How To Make Your TSP as Safe as Possible in a Turbulent Market

By:  John Jilek, CFP®

Published:  January 22, 2019

 

When is playing it safe a bad idea?

What does safe really mean?

Federal Employees have a lot of worries going into 2019.  Rightfully so!  I write this on the 25th day of the government shutdown.  Uncertainty seems to be everywhere, but letting this pervade your long term investment strategy is invariably a bad idea. 

Where should I be invested in the Thrift Savings Plan is a great question.  The good news is there are really just two factors that most Federal workers should be considering to answer this question.  What is my time frame for spending the money, and what is my risk tolerance with respect to volatility, or the ups and downs of the market investments.

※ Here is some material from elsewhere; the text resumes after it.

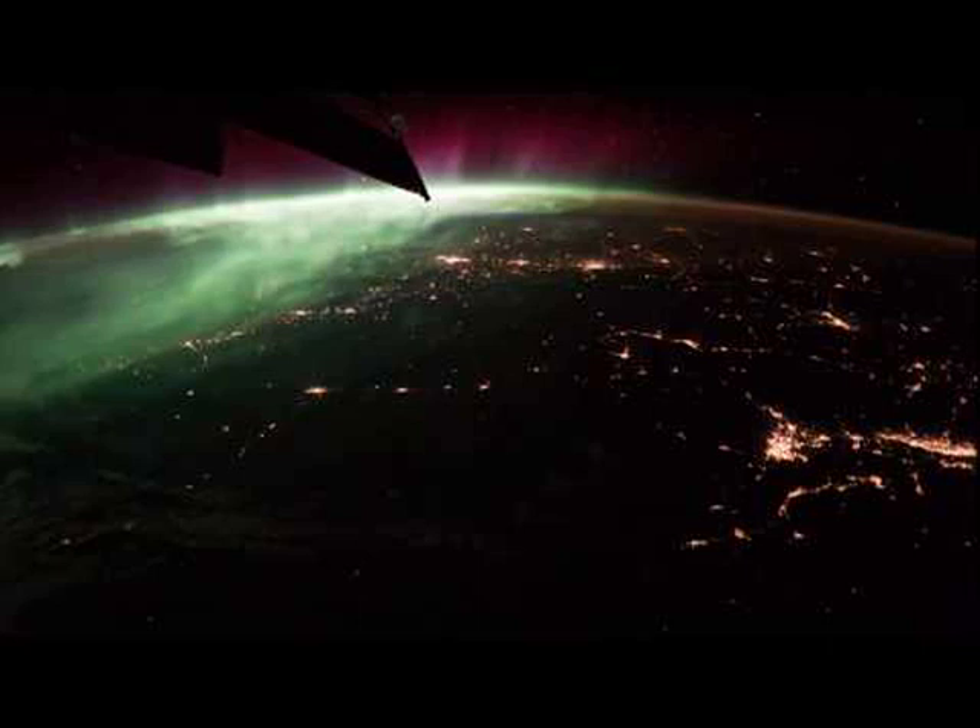Seen from the orbital outpost, erratic flashes of lightning appear in thunderstorms below and stars rise above the planet's curved horizon through a faint atmospheric airglow.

Answering these two questions is critical before choosing your investments in TSP.  After all, you only have five investments to choose from: G, F, C, S, & I.  How simple is that?  Or is it?  It is if you break them into two groups.  The G& F funds are bond or fixed income funds, and C, S, & I are stock funds.  Bond funds are stable and pay income, but do not offer growth.  Stock funds give you growth, but you will experience losses as well as gains as the stock market moves up and down.

Regarding time frame and risk tolerance, let’s consider an entry level employee with 30 years or so until retirement — a long time frame until they will access TSP money to supplement their retirement.  The only real consideration here is their risk tolerance as they have a long way to go before spending will begin.  They also do not have a lot of money in the plan yet, and drops in price of the stock funds will prove to be their best buying opportunities as their paycheck deferrals buy them additional shares at a discount.  The answer for early career is light on the G & F funds and heavy on the C, S, & I funds.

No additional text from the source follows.